In certain embodiments, the DMD device has DMD micromirrors that operate extremely quickly and can gather multiple images in parallel, so DMD confocal microscope 20 yields faster image acquisition than conventional scanning laser ophthalmoscope (SLO) device or optical coherence tomography (OCT) systems, which use scan optics that provide single image point acquisition. In the embodiments, the DMD is an array of micromirrors that can be toggled to an on or off state that allows light from an image to be transmitted or reflected on a pixel-by-pixel basis. Each micromirror effectively acts as a pinhole in a confocal microscope allowing light only from the object plane to be passed to the image sensor. Out-of-focus light, i.e., light not in the object plane, is rejected i.e., not passed along to the image plane. Micromirrors can be toggled individually in a sequential matter, allowing for the object to be imaged point-by-point, similar to a scanning system. Moreover, by activating multiple pixels in parallel, image acquisition speed can be increased while maintaining confocal sectioning imaging system properties. DMD confocal microscope 20 is described in more detail with reference to
Imaging system 22 generates images of eye 12 and may include any suitable imaging devices. In certain embodiments, imaging system 22 may include an optical coherence tomography (OCT) device and/or a scanning laser ophthalmoscope (SLO) device. The OCT device may be any suitable interferometer device, e.g., a time domain, spectral domain, and/or swept source OCT device. In certain embodiments, the OCT device may determine a z-location (depth location) of the target relative to the z-axis. For example, the OCT device may generate three-dimensional (3D) images that show the z-location of the target. In certain embodiments, the OCT device may have a depth resolution, such as approximately 5 um or better, to provide an accurate z-location.

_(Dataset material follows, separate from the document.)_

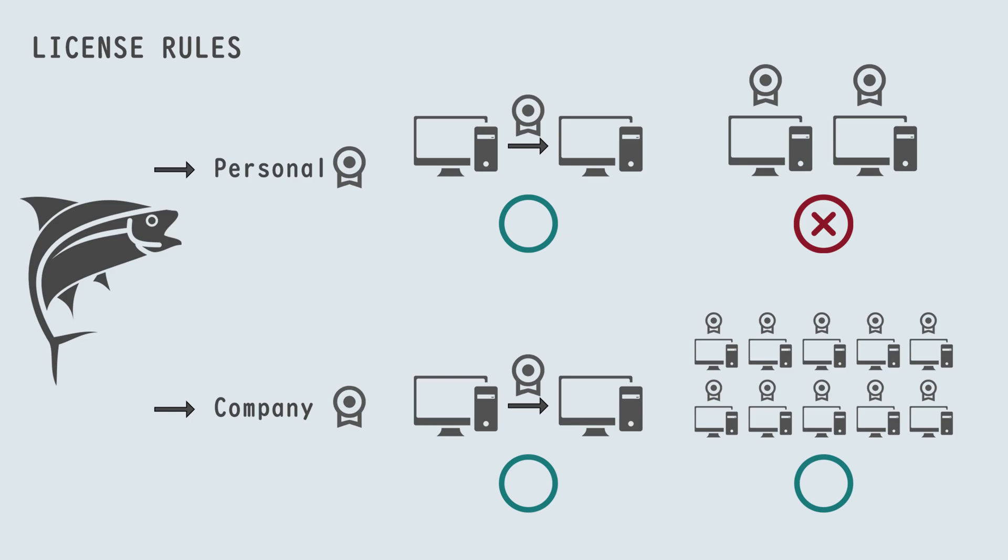However, as mentioned, you cannot use the same license on two computers simultaneously. Please keep this in mind as you use our tool. This concludes the video. Thank you for watching.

Laser device 24 generates a directs a laser beam towards eye 12. The laser beam may have any suitable characteristics to interact with (e.g., photodisrupt, fragment, or photoablate) tissue to treat the target. The laser beam may have any suitable wavelength, e.g., in an ultraviolet or infrared range. Laser device 22 delivers laser pulses of any suitable pulse duration (e.g., in the picosecond to nanosecond range) at any suitable repetition rate (e.g., 30 kilohertz (kHz) or greater).
Xy scanner 26 receives an imaging beam from imaging system 22 and transversely directs the imaging beam along an imaging system beam path towards the eye, and receives a laser beam from laser device 24 and transversely directs the laser beam along the laser beam path aligned with the imaging system beam path towards eye 12. Accordingly, xy scanner 26 co-registers laser device 24 with imaging devices of imaging system 22 for treatment of a floater. Once a floater is located with the imaging devices, the laser can fragment the floater.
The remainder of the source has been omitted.